Even better, because many of the data and link types are standardized (RDF is relied on heavily), multiple different applications can make use of the same data. So you could simply put data in your POD once and have it be useful to all of the applications that you allow to access to it — instead of today where Facebook, Twitter, Google, Amazon, and so on each need you to separately give them your data and remember to manage their access to it.

Assuming Solid can gain enough application support and user acceptance, this will be a huge boon to the future of the web. Berners-Lee is confident enough that he has spun a company, Inrupt, out to build commercial products based on the open-source Solid codebase — which is community-supported. But before we get too excited, along with the data problem there is another dragon to be slain in de-centralizing the internet: identity.

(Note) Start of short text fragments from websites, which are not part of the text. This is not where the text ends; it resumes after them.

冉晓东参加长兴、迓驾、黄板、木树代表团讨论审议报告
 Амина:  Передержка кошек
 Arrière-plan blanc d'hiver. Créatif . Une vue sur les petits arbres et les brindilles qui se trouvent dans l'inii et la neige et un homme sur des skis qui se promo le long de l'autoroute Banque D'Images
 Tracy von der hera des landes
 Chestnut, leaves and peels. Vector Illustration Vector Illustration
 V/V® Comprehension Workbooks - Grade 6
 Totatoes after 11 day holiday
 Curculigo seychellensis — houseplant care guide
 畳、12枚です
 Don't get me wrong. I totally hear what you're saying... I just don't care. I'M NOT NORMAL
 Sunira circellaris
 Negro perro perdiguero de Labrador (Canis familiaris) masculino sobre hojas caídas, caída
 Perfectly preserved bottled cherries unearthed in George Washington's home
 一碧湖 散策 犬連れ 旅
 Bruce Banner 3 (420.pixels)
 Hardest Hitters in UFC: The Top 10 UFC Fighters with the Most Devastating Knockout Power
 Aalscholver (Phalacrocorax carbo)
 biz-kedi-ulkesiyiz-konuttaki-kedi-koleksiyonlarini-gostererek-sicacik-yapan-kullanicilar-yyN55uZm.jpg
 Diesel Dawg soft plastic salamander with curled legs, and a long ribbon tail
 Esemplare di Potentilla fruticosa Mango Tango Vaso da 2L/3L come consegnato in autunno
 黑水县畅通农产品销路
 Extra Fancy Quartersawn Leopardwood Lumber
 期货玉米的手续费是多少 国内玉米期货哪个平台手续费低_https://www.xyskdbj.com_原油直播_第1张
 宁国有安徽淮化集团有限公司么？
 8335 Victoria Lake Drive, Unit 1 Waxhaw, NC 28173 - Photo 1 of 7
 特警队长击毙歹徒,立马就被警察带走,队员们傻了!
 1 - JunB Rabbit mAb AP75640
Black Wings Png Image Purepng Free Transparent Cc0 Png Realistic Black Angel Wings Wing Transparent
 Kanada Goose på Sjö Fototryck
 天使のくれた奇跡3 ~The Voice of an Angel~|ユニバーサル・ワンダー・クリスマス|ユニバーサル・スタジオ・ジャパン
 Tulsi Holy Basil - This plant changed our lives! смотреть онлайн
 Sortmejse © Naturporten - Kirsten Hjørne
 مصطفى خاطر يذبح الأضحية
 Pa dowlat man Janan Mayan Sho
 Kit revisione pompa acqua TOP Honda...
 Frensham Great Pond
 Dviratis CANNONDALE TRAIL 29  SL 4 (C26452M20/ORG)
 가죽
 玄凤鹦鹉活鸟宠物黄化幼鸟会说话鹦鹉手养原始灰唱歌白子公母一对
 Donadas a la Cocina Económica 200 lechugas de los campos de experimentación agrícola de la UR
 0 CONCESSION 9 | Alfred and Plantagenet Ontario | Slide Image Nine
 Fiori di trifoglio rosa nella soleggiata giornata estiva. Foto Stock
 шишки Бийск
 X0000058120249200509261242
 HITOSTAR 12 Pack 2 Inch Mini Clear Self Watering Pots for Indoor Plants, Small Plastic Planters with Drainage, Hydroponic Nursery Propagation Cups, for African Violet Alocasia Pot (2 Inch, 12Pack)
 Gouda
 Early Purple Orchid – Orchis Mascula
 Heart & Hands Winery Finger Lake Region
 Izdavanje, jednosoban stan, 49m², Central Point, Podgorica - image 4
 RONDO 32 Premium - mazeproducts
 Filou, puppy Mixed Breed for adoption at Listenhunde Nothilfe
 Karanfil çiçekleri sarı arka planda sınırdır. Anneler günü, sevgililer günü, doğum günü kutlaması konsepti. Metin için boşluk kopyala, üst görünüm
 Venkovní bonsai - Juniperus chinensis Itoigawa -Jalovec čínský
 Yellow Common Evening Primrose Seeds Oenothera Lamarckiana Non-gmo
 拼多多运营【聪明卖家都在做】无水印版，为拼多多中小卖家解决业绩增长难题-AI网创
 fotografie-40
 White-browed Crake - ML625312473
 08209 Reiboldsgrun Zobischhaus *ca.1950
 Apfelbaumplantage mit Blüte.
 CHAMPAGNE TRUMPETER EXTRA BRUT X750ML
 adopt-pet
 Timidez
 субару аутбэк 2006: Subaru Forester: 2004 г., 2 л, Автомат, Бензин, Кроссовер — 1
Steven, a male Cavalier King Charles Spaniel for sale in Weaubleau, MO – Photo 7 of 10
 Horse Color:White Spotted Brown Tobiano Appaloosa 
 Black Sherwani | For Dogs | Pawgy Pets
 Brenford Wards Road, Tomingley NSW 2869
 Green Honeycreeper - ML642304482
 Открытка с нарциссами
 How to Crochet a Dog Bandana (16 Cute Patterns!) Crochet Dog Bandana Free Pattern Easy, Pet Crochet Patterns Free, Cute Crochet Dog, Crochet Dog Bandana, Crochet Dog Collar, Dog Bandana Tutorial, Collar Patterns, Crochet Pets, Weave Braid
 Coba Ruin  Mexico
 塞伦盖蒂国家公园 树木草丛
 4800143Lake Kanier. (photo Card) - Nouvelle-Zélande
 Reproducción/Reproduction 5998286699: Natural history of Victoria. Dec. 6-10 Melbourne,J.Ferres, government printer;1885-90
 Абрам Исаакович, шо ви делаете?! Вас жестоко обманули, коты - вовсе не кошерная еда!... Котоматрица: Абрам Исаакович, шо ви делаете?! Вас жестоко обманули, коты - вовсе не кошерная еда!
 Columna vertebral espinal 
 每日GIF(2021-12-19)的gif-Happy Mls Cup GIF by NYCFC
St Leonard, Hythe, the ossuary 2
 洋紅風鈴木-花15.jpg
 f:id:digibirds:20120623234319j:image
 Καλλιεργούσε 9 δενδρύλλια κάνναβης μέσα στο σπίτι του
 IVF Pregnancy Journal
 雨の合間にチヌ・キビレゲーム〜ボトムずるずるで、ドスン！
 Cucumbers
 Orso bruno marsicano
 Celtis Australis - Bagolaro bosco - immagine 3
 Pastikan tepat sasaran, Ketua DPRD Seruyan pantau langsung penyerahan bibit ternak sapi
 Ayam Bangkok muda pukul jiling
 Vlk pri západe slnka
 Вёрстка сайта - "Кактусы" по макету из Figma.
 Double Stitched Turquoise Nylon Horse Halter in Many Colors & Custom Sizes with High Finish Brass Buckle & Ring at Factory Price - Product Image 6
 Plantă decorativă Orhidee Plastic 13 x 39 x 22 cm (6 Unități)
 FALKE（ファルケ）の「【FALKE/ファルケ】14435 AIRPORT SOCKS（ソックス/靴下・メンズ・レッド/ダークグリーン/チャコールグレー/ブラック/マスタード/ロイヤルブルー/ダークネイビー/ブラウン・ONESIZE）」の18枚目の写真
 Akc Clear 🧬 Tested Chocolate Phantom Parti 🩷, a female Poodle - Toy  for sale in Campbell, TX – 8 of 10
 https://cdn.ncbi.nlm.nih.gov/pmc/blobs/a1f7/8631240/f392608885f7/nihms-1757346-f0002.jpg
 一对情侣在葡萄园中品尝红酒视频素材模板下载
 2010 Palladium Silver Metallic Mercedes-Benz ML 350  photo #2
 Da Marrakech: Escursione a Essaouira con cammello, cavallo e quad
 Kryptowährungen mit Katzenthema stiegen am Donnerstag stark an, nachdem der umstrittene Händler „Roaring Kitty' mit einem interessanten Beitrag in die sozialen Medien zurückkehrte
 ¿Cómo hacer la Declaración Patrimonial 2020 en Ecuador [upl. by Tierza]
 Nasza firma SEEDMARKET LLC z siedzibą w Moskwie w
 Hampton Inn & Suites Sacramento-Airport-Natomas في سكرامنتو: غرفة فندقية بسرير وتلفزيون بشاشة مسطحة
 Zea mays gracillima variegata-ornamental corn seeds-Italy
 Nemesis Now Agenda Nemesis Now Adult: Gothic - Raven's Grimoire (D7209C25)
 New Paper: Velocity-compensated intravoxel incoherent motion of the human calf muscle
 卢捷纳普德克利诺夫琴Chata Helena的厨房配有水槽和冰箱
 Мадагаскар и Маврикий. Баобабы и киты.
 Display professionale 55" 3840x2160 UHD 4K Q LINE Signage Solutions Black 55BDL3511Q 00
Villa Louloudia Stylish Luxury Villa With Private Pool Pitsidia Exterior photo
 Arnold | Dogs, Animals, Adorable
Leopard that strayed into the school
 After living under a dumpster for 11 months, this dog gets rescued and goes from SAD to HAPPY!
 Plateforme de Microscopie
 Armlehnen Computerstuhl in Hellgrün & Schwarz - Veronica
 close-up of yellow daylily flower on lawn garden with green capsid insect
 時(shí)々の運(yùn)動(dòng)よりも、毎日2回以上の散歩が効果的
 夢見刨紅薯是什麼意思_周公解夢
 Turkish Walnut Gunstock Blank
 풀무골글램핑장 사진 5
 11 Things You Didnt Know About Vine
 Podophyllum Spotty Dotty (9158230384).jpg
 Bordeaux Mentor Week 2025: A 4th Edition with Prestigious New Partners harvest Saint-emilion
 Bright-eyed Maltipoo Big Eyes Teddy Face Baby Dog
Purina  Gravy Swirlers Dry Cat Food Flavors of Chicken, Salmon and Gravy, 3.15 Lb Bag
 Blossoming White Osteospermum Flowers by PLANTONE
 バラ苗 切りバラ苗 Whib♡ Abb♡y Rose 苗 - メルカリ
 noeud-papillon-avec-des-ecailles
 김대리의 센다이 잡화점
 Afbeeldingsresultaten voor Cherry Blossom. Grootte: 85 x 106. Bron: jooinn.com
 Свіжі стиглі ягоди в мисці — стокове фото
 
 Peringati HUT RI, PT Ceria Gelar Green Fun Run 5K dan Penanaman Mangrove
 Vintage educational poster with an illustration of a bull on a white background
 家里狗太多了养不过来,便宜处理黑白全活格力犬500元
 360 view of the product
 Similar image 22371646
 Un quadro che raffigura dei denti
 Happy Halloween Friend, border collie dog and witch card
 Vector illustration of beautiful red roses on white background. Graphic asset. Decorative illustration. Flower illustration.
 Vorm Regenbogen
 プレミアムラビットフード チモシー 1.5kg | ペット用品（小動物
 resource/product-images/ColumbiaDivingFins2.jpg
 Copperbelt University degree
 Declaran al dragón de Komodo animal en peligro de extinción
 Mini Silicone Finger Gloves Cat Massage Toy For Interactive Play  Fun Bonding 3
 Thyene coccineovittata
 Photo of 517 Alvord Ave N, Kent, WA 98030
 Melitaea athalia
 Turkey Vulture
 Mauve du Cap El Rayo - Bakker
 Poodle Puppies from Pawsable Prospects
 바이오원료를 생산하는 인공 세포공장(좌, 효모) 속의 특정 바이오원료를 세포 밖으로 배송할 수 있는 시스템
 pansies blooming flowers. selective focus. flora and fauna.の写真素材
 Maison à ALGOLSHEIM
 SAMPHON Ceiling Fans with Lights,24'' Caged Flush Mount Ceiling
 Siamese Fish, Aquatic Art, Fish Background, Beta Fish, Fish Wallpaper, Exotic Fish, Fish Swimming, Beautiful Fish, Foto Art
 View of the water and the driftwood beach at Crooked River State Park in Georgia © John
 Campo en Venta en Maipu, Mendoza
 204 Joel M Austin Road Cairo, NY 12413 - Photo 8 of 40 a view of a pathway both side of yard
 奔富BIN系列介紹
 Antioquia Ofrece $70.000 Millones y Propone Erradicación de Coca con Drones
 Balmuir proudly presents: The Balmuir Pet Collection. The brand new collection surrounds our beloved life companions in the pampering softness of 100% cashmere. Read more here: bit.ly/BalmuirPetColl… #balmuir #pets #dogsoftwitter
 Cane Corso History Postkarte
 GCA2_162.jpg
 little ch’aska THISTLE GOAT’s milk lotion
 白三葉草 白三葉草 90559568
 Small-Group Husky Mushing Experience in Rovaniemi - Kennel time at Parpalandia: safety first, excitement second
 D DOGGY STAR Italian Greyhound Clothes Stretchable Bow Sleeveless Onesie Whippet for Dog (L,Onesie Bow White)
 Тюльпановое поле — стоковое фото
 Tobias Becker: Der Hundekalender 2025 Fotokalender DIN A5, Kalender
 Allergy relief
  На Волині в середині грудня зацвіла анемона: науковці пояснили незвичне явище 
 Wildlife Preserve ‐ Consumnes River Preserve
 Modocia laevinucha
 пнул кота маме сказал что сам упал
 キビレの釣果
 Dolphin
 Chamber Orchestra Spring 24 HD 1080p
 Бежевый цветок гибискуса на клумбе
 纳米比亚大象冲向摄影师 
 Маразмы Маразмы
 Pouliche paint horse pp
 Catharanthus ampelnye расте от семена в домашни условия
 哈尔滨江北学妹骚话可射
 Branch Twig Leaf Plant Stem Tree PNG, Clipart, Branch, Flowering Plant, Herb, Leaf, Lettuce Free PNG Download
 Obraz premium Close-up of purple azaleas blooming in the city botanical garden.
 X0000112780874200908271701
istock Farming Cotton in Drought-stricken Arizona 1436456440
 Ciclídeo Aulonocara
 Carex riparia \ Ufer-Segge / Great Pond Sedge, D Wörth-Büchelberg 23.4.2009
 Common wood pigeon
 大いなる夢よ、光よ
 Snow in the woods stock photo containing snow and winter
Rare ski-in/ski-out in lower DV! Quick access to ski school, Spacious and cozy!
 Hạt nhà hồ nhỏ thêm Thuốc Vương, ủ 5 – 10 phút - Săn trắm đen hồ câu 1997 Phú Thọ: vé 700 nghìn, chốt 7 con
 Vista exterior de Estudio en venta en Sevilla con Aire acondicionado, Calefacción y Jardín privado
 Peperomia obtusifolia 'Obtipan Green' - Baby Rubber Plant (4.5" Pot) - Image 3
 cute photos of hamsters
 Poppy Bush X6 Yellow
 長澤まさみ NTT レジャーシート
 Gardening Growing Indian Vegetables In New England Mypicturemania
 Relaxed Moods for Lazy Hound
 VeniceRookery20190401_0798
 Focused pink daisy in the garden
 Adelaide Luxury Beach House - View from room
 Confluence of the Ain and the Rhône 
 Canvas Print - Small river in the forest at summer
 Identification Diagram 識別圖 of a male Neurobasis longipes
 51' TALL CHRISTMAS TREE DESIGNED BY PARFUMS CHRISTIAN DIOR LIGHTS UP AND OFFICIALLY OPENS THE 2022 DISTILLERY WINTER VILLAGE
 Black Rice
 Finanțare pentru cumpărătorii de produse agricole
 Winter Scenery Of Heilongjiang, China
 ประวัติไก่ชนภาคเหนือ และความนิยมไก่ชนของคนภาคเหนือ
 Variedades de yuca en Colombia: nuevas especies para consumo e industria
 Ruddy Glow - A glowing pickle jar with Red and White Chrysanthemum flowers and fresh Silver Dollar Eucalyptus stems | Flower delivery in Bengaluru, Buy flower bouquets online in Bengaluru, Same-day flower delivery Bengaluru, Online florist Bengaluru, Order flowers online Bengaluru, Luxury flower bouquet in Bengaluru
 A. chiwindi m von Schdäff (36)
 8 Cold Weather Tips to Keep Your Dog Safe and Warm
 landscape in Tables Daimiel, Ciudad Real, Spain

Identity Is Still a Weak Link

Since the location of your POD is stored in your ID, it is easy to relocate your POD as needed. However, the proposed WebIDs include the domain name of the identity provider. For example, if you get your WebID from Berners-Lee’s own Solid startup, Inrupt, it will be of the form <userid>@inrupt.net. So you can’t easily move your WebID. To make matters worse, it’s likely that if Solid becomes successful most users will get their WebIDs the easiest possible way — from one of the places they already have an identity like Google or Facebook. Those companies would then still have leverage over them, and also would have full knowledge of queries made about the ID. I suspect they’d also be the major provider of POD storage as well, meaning they’ll have fairly complete audit trails of your activity on the web.

Where Does Solid Go From Here?

Solid is only one of the dozens of efforts to re-architect the web into something more distributed and user-centric. But it’s the only one being driven by the inventor of the original Web, which gives it instant credibility. Application development is underway for it now. If you’re familiar with Angular or React frameworks, you can build a simple app that demonstrates many of its capabilities quickly. For example, it took me less than an hour to set up Angular and build and deploy Solid’s sample app, and I’d never used Angular before.

If you’re not a developer, you can still get your own WebID and POD from Inrupt, and then wait to see how the system evolves. I think it will very much be an uphill battle for Solid. When the web appeared, it entered a vacuum needing to be filled. Now Solid is entering a space dominated by massive corporations who make a living by harvesting and selling user data. They’re not going to let go of that flock of golden geese easily.